Task material:
#####
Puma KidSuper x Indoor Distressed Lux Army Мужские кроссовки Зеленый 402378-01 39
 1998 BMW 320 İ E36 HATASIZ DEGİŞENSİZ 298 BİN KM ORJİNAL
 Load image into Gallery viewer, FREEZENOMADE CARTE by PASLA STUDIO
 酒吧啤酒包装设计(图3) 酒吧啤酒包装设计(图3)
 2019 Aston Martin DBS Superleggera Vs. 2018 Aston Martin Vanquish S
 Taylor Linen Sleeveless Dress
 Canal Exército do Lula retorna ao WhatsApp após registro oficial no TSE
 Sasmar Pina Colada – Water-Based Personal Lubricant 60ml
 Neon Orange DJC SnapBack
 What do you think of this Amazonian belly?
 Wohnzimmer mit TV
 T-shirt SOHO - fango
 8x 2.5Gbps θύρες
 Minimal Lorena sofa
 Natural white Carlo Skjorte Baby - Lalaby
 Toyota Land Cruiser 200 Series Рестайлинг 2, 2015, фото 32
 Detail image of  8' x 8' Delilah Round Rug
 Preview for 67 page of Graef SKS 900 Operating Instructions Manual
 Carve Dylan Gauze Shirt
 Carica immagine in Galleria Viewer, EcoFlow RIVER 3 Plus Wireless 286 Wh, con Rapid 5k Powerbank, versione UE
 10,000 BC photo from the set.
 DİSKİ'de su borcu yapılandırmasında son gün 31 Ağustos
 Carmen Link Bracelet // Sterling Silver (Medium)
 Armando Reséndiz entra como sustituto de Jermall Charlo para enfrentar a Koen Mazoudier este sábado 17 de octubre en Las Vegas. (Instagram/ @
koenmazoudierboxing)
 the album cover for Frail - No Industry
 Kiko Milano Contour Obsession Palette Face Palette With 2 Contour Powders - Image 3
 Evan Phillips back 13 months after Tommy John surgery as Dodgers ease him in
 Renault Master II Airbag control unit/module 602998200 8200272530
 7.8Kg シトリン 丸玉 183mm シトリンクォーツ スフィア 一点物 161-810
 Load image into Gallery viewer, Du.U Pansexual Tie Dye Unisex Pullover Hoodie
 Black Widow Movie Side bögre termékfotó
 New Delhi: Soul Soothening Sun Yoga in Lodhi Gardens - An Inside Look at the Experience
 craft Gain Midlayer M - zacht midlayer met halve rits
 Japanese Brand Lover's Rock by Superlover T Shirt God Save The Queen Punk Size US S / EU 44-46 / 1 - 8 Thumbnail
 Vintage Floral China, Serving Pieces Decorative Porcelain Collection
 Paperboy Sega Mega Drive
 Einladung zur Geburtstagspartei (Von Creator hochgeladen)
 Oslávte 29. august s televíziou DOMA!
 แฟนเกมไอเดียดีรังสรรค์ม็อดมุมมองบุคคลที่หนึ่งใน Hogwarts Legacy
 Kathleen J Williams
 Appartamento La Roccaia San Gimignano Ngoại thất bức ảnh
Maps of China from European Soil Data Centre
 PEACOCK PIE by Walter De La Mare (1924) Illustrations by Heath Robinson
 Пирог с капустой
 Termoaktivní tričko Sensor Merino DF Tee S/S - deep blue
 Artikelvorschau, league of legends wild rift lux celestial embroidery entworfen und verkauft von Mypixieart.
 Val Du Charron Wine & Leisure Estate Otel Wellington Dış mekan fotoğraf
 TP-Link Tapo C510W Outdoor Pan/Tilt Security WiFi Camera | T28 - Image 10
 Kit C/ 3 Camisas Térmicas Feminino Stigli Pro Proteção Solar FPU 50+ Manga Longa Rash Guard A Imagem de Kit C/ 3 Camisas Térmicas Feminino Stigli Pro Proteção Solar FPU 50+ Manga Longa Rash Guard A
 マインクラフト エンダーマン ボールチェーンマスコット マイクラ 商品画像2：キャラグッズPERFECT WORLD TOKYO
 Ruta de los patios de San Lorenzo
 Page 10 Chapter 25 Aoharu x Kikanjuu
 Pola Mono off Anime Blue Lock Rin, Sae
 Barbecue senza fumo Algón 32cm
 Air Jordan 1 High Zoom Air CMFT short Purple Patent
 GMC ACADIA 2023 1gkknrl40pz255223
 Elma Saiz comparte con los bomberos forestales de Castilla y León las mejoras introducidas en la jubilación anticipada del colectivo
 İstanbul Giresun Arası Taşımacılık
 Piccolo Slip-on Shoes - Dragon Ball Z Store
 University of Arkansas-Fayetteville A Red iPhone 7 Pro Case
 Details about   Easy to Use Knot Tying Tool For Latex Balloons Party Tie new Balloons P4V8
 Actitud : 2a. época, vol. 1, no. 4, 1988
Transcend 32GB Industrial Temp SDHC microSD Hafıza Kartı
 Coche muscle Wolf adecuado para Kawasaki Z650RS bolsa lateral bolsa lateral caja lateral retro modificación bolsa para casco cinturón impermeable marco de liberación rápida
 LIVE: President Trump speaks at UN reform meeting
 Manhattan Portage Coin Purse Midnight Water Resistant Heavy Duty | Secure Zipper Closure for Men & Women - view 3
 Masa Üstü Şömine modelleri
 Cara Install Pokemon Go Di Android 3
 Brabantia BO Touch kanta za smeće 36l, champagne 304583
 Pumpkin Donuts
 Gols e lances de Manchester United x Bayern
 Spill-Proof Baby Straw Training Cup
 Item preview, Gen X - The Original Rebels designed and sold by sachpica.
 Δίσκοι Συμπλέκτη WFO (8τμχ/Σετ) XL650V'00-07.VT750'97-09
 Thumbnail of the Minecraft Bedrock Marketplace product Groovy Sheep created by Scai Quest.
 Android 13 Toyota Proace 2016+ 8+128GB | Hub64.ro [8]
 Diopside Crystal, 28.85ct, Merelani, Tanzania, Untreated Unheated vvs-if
#####
What this task involves:
Which lines above hold the string "Link"? Show each of them.

Written response:
 Carmen Link Bracelet // Sterling Silver (Medium)
 TP-Link Tapo C510W Outdoor Pan/Tilt Security WiFi Camera | T28 - Image 10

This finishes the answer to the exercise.